#### [Task statement]
Begin with the line containing "Garden of the Gods" and end with the last line of the data below; return those lines exactly, and only those.
--------------------------------------------------
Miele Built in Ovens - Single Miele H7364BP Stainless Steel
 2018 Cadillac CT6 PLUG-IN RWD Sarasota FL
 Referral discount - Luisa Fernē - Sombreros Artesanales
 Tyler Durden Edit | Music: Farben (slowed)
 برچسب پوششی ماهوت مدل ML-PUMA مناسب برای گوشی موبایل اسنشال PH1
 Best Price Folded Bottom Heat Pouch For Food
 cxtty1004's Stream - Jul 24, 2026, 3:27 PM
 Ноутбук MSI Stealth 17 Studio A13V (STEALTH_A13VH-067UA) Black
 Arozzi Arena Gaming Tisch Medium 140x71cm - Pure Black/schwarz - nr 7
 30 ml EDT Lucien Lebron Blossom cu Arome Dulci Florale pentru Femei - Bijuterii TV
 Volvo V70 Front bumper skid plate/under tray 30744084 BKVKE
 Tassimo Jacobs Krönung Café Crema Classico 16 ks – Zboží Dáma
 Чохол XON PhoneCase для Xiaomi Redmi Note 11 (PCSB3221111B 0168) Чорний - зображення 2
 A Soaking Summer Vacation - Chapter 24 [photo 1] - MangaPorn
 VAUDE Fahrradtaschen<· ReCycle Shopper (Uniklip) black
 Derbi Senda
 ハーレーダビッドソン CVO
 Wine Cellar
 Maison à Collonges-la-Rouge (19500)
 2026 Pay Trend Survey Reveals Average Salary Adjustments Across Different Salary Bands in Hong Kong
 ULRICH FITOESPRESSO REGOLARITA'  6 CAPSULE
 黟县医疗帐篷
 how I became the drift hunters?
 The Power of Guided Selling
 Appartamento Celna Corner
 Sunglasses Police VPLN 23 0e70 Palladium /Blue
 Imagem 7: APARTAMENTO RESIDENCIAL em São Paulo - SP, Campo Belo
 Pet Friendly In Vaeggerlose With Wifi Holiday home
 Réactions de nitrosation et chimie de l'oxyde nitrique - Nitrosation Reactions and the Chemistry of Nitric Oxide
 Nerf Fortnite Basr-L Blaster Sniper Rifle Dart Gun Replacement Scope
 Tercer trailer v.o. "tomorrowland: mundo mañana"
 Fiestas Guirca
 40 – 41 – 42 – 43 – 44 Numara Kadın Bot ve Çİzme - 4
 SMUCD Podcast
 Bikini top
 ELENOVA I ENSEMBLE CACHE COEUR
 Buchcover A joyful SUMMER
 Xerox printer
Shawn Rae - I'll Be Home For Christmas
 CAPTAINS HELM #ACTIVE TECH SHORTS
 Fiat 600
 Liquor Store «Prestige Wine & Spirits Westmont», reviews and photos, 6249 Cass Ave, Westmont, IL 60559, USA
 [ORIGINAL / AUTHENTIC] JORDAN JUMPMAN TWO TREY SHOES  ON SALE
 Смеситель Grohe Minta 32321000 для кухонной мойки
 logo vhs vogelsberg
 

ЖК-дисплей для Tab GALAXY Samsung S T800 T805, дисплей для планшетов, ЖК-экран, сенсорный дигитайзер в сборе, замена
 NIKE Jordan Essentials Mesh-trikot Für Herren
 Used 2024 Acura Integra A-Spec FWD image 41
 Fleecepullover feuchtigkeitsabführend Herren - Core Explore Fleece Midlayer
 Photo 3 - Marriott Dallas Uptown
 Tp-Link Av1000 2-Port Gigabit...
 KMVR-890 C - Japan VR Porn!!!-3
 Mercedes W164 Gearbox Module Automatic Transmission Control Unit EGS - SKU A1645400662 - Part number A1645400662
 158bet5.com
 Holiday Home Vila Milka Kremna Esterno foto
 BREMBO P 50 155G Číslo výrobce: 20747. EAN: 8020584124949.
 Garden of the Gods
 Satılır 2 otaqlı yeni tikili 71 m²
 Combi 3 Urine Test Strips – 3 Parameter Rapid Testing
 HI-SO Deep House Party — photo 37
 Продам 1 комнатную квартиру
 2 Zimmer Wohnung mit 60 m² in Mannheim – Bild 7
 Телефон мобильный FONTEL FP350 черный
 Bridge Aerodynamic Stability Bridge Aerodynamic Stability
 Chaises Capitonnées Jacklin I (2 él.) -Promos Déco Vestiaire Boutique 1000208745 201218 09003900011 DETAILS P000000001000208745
--------------------------------------------------
#### [Response box]
 Garden of the Gods
 Satılır 2 otaqlı yeni tikili 71 m²
 Combi 3 Urine Test Strips – 3 Parameter Rapid Testing
 HI-SO Deep House Party — photo 37
 Продам 1 комнатную квартиру
 2 Zimmer Wohnung mit 60 m² in Mannheim – Bild 7
 Телефон мобильный FONTEL FP350 черный
 Bridge Aerodynamic Stability Bridge Aerodynamic Stability
 Chaises Capitonnées Jacklin I (2 él.) -Promos Déco Vestiaire Boutique 1000208745 201218 09003900011 DETAILS P000000001000208745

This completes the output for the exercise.